2) Il est tout à fait dans l'ordre des choses que la sixième puissance économique du monde, où règne depuis longtemps une administration fiscale zélée et intransigeante appuyée sur une moyenne bourgeoisie rentière des plus serviles, s'endette : ses créanciers ne savent que trop bien qu'elle ne risque guère, malgré le piège de la zone euro et les iniquités de la mondialisation, de faire banqueroute comme l'Argentine ou la Grèce. Là encore, le vrai problème n'est pas de contracter des dettes, mais plutôt de savoir qui sont les créanciers (nationaux ou étrangers, particuliers ou institutionnels) auprès desquels l'État s'endette, et quel usage ils entendent faire des créances qu'ils détiennent.
3) On a compris depuis longtemps que tous les candidats qui promettent de réduire la dette et les déficits vont faire le contraire une fois parvenus au pouvoir. Macron fait d'autant moins exception qu'il a fréquenté le monde de la haute finance, et sait à quoi s'en tenir sur les dizaines de milliards d'euros que récoltent chaque année les banques d'affaires et les fonds d'investissement détenteurs de nos obligations du Trésor. C'est un peu la même opération qu'un psychanalyste qui vous promet de guérir vos névroses, ou une femme farouche qui suggère de se révéler plus facile après avoir entrevu vos bijoux de famille.

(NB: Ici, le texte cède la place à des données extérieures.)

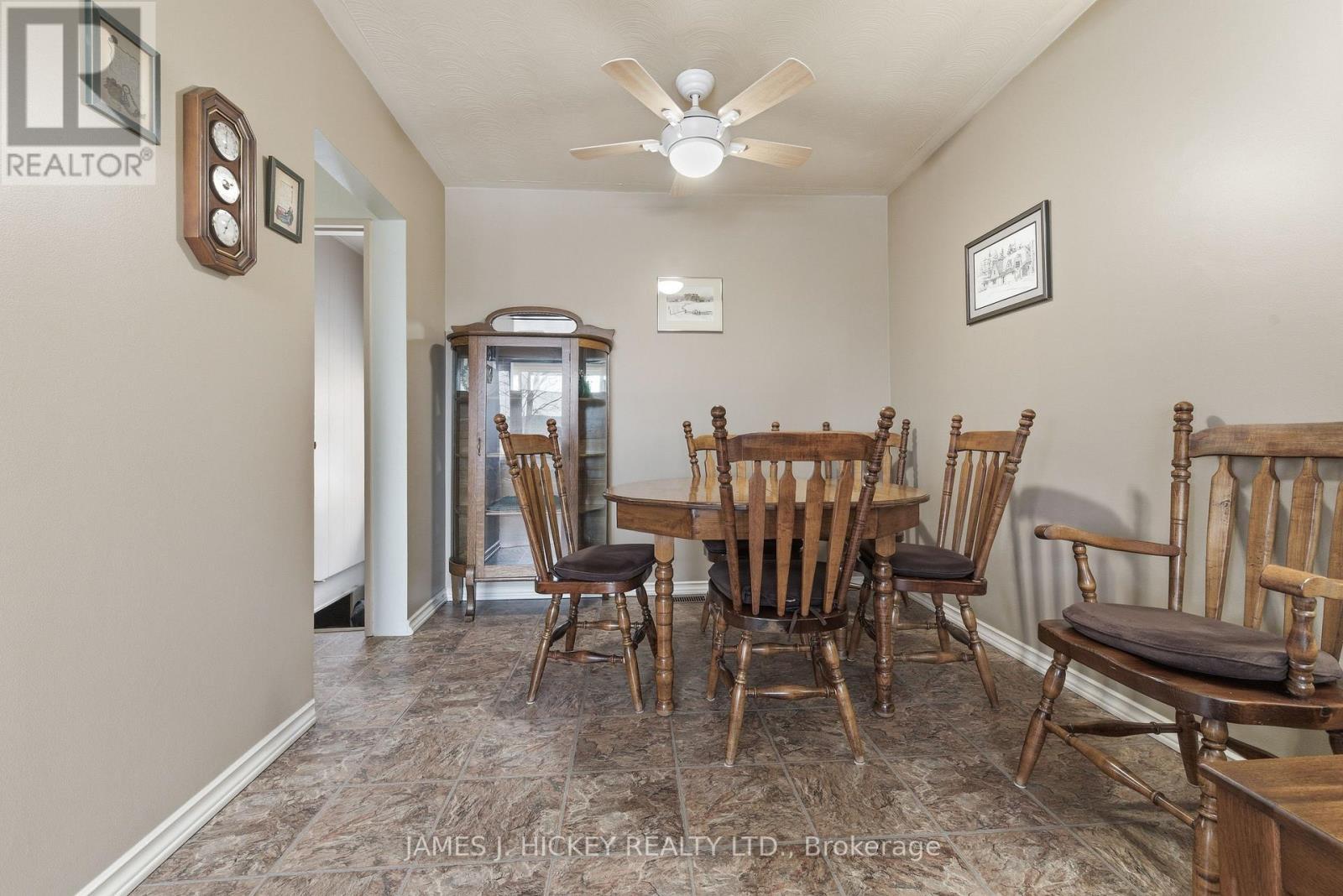 101 Lance Road, Laurentian Hills, ON - Indoor Photo Showing Dining Room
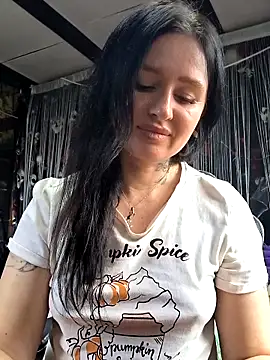 KikiXRed online show from May 2, 8:50 am
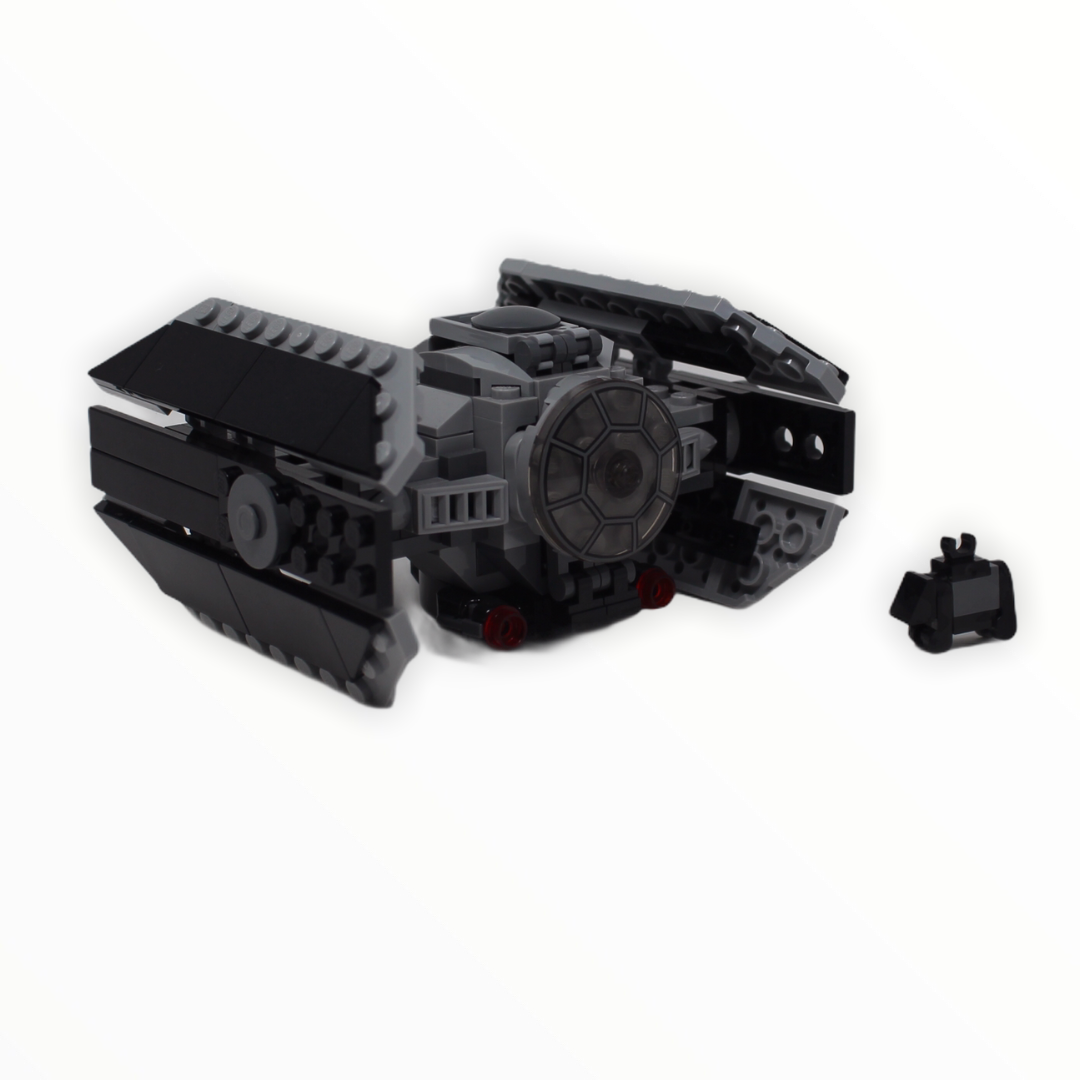 Used Set 75251 Star Wars Darth Vaders Castle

Tout cela pour dire que Bruno Le Maire a bien fait de convier 5000 personnes aux frais du contribuable, en sonnant le tocsin d'une République dispendieuse, pour leur faire ses adieux devant les caméras : quoi qu'en dise la pythonisse Michel Houellebecq, il est à craindre, ou à souhaiter, qu'on ne le revoie plus avant longtemps, même au salon de la littérature érotique aux côtés des excellentes Octavie Delvaux et Julie-Anne De Sée.